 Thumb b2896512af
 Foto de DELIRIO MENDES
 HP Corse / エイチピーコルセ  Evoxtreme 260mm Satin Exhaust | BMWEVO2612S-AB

# Prompt
Repeat the whole listing exactly, line for line.

# Solution for this exercise
 Thumb b2896512af
 Foto de DELIRIO MENDES
 HP Corse / エイチピーコルセ  Evoxtreme 260mm Satin Exhaust | BMWEVO2612S-AB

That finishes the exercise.